I didn't tell HER that. That would be AWKWARD! We just met.

I DID tell Maca that. That is how the boundary comes into play with "ok'd by SO".

I won't be telling her that.

I didn't tell her there is a limit to 1-2 visits a week with her either.
I KNOW THAT-so I won't schedule more than that. She DID ask me when I was in town (I live out of town) and I told her that M,W,F I am in town. I didn't tell her "alone time visits" can only be 1 time a week.
She doesn't need such details! I know that-so I will respect that agreement with my partner. Same with romantic dates being ok-she doesn't need to know that. If we get to that point, and one or the other of us asks for a date that is romantic in nature, it's ok so I can go.

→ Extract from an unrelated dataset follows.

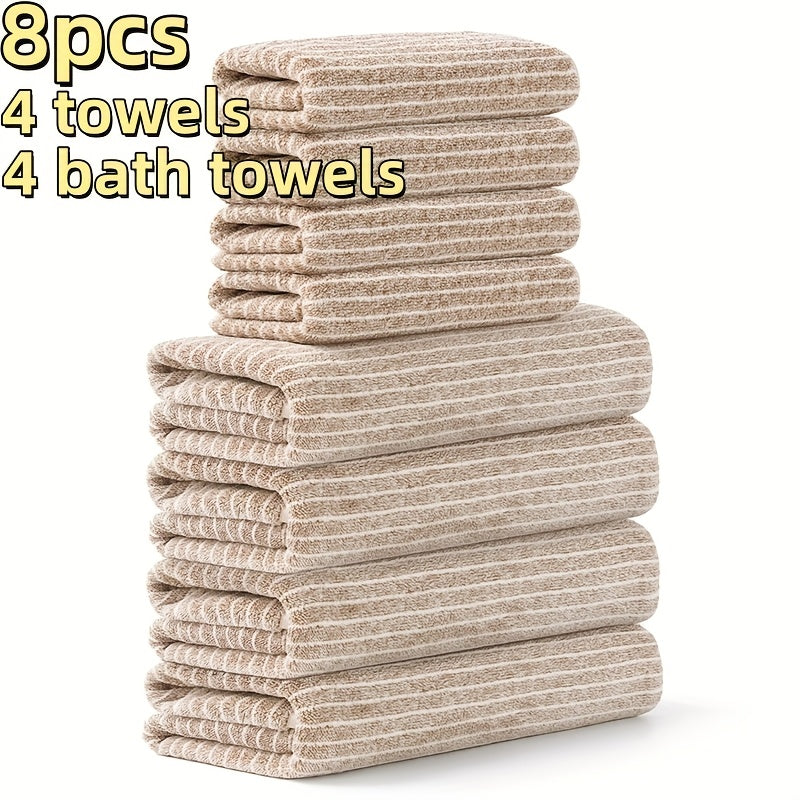 Camping Towels Set 8pcs Towel Set, 4 Towels 27 X 55 Inches, 4 Towels 13.7 X 29.5 Inches Quick-Drying, Microfiber Material Absorbent And Lightweight, Camping Towels Bathroom Set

I won't tell her "I have to ask my SO if it's ok before inviting you out to a family gathering". That would already have been DONE if I were inviting her!

I won't be telling her my SO is always welcome to join me-I live my life that way. i will let her know "WE are going to be in town-are you avail for coffee or a walk?" If she invites me I would say, "I'd love to, Maca and I are going to be in town that day we'd love to come!"

I don't need to tell her what behaviors aren't allowed sexually. I won't try to do them. If she does, I would simply stop her gently and tell her, "I find you very attractive, but this is too fast for me."


So, no I don't think these boundaries are complicated for another person. Because most of it-they need not go over with us.

The only key pieces that need to be addressed are as follows:

1. I'm part of a loving, committed, full time family that is pretty complicated. I'm a student, I homeschool two kids and babysit my grandson. My husband and my boyfriend work full time and we try to devote weekends to the family.

(THAT is something I say so many times a day I can't begin to imagine it being awkward to bring up-it's a natural part of describing ME)

2. Unfortunately, that makes my schedule CRAZY hectic and limits my social availability. (again, this is such a frequent statement in my day-that it's not awkward)

IF we're already at the stage of aiming to be sexually active:

3. I have herpes. I don't use protection with my husband or my boyfriend. We've agreed that we won't have sex with outside lovers before STI tests are done all around. We also commit to taking them every 6 months.
**THIS IS NON-NEGOTIABLE and it's a primary point of contention with her**

4. Because of family responsibilities, overnights aren't a realistic option for me right now.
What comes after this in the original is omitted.